[dm-devel] Potential enhancements to dm-thin v2

Mon Apr 11 22:30:53 UTC 2022

On Mon, Apr 11, 2022 at 10:16:43PM +0200, Zdenek Kabelac wrote:
> Dne 11. 04. 22 v 19:22 Demi Marie Obenour napsal(a):
> > On Mon, Apr 11, 2022 at 10:16:02AM +0200, Zdenek Kabelac wrote:
> > > Dne 11. 04. 22 v 0:03 Demi Marie Obenour napsal(a):
> > > 
> > > Your proposal actually breaks this sequence and would move things to the
> > > state of  'guess at which states we are now'. (and IMHO presents much more
> > > risk than virtual problem with suspend from user-space - which is only a
> > > problem if you are using suspended device as 'swap' and 'rootfs' - so there
> > > are very easy ways how to orchestrate your LVs to avoid such problems).
> > The intent is less “guess what states we are now” and more “It looks
> > like dm-thin already has the data structures needed to store some
> > per-thin metadata, and that could make writing a simple userspace volume
> > manager FAR FAR easier”.  It appears to me that the only change needed
> 
> 
> I do not spend hours explaining all the details - but running just the
> suspend alone may result in many differnt problem where the things like
> running thin-pool out-of-data space is one of the easiest.
> 
> Basically each step must be designed with  'power-off' happen during the
> operation. For each step you need to know how the recovery step looks like
> and how the lvm2 & kernel metadata c/would match together.
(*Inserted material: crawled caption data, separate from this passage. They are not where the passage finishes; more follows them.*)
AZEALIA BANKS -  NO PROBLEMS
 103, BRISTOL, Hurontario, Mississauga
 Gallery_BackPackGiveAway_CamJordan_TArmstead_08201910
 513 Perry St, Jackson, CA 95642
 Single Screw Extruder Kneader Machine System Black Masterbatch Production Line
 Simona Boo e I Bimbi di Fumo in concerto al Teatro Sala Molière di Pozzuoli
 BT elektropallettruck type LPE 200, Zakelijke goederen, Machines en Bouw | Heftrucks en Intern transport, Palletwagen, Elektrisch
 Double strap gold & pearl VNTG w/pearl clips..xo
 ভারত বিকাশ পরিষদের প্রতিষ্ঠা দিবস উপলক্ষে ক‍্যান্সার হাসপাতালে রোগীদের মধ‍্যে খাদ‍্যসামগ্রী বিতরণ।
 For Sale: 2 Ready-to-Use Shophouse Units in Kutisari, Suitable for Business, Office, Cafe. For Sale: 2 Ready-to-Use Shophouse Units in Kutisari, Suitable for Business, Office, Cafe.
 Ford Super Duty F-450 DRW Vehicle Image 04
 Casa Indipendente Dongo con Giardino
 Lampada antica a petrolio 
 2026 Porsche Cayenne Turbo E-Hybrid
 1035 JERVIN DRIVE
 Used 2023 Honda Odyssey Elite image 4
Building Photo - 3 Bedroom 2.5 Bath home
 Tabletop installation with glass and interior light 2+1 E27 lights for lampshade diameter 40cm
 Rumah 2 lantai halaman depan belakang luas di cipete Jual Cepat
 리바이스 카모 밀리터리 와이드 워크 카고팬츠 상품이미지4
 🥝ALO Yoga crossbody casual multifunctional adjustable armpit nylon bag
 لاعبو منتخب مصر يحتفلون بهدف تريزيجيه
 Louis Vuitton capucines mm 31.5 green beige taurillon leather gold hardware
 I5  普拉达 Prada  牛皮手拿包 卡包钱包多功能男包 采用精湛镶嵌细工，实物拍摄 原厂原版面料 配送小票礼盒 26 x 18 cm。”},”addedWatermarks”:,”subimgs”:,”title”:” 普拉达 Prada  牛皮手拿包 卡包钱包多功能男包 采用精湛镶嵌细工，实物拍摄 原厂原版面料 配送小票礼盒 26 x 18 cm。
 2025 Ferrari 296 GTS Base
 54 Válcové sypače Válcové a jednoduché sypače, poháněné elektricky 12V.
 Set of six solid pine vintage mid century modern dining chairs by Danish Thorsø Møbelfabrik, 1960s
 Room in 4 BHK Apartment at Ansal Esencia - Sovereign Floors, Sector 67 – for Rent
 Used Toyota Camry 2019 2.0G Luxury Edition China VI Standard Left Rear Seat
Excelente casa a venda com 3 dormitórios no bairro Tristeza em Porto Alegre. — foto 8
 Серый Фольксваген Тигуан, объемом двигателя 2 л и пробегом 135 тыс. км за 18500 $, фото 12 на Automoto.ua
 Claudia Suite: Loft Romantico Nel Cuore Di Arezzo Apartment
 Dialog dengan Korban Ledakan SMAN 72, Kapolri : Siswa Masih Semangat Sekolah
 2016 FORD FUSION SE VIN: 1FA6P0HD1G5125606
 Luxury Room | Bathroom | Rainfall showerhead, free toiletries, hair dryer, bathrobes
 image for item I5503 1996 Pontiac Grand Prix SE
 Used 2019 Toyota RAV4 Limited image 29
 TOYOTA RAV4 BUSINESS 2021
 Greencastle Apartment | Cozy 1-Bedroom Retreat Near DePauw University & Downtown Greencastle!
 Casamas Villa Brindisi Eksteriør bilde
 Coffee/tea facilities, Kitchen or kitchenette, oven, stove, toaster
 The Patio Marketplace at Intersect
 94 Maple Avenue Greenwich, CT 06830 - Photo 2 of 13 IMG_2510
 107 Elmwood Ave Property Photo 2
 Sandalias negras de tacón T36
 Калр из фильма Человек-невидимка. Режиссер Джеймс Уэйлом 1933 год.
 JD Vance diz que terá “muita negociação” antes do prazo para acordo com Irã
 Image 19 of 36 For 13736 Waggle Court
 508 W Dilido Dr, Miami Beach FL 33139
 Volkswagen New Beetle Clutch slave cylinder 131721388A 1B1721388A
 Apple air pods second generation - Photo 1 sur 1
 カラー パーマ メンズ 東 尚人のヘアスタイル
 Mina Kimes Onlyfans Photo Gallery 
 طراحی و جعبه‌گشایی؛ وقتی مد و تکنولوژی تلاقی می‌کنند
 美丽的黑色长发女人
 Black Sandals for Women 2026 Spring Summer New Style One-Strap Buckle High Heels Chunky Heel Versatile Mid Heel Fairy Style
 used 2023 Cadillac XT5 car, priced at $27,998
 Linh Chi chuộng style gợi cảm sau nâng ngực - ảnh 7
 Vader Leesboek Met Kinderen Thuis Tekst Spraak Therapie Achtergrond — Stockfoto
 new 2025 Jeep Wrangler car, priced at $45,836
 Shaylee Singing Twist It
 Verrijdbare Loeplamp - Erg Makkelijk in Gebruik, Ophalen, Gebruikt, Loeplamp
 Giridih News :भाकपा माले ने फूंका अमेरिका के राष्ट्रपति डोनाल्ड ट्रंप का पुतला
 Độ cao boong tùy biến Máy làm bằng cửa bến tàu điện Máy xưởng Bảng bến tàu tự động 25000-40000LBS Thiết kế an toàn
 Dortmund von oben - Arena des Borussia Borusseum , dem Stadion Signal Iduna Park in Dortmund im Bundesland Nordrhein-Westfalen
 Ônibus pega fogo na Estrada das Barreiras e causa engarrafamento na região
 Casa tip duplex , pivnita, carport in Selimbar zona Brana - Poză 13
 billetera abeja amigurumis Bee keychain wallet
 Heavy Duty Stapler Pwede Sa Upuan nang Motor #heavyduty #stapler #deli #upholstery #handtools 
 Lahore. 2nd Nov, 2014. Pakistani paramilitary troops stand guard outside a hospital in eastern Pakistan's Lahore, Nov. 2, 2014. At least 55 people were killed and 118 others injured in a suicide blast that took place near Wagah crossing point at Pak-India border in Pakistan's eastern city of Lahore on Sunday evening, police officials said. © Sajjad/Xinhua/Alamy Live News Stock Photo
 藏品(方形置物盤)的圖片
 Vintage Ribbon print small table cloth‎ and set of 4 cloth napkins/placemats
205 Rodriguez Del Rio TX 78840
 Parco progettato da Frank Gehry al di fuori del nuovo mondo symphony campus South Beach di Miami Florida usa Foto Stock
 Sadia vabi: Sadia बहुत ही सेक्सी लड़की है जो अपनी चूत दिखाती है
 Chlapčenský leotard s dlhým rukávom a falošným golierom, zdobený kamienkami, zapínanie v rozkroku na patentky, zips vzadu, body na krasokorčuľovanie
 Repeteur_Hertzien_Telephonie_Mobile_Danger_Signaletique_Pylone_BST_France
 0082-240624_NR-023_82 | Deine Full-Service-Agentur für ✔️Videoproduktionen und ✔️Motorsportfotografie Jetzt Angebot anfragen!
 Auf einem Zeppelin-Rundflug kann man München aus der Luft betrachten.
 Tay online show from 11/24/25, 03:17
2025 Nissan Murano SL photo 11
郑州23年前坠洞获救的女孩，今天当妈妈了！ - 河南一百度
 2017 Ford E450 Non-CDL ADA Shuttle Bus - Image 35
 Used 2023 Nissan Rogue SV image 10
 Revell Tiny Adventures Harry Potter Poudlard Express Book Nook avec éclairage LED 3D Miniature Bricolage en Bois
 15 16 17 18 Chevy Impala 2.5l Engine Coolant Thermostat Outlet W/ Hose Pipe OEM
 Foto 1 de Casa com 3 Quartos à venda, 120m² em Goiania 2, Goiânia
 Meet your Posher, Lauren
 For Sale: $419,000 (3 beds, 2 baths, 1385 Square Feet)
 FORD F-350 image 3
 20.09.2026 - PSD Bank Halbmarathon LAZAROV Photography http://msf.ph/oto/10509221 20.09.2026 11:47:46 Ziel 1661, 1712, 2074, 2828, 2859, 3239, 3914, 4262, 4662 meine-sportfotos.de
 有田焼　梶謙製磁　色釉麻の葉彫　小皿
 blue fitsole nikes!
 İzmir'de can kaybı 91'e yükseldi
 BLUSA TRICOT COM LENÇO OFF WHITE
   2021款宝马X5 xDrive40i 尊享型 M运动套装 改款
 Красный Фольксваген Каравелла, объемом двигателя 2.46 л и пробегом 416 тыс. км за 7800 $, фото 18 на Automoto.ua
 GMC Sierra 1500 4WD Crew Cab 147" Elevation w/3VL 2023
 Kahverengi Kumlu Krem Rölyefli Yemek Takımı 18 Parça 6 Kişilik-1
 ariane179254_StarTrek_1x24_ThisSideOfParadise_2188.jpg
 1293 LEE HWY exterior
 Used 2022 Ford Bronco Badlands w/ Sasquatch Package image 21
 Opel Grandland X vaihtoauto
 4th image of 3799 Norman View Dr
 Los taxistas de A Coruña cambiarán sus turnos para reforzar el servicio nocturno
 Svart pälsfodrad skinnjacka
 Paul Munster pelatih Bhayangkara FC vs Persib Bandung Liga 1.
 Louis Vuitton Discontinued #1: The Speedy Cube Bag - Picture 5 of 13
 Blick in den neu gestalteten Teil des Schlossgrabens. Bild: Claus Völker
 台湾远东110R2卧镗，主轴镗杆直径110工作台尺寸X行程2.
That is absolutely the case, and is in fact the reason I proposed this
change to begin with.  By having dm-thin store a small amount of
userspace-provided metadata for each thin volume, and by providing an
API to enumerate the thin volumes in a pool, I can store all of the
metadata I need in the thin pool itself.  This is much simpler than
having to store metadata outside of the pool.

> Combining many
> steps together into a single 'kernel' call just increases already large
> range of errors.  So in many case we simply do favour to keep operation more
> 'low-level-atomic' even at slight higher performance price (as said - we've
> never seen a creation of snapshot to be 'msec' critical operation - as  the 
> 'suspend' with implicit flush & fsfreeze itself might be far more expensive
> operation.

Qubes OS should never be snapshotting an in-use volume of any kind.
Right now, there is one case where it does so, but that is a bug, and I
am working on fixing it.  A future API might support snapshotting to an
in-use volume, but that would likely require a way to tell the VM to
freeze its own filesystem.

> > > But IMHO creation and removal of thousands of devices in very short period
> > > of time rather suggest there is something sub-optimal in your original
> > > software design as I'm really having hard time imagining why would you need
> > > this ?
> > There very well could be (suggestions for improvement welcome).
> > 
> > > If you wish to operate lots of devices - keep them simply created and ready
> > > - and eventually blkdiscard them for next device reuse.
> > That would work for volatile volumes, but those are only about 1/3 of
> > the volumes in a Qubes OS system.  The other 2/3 are writable snapshots.
> > Also, Qubes OS has found blkdiscard on thins to be a performance
> > problem.  It used to lock up entire pools until Qubes OS moved to doing
> > the blkdiscard in chunks.
> 
> Always make sure you use recent Linux kernels.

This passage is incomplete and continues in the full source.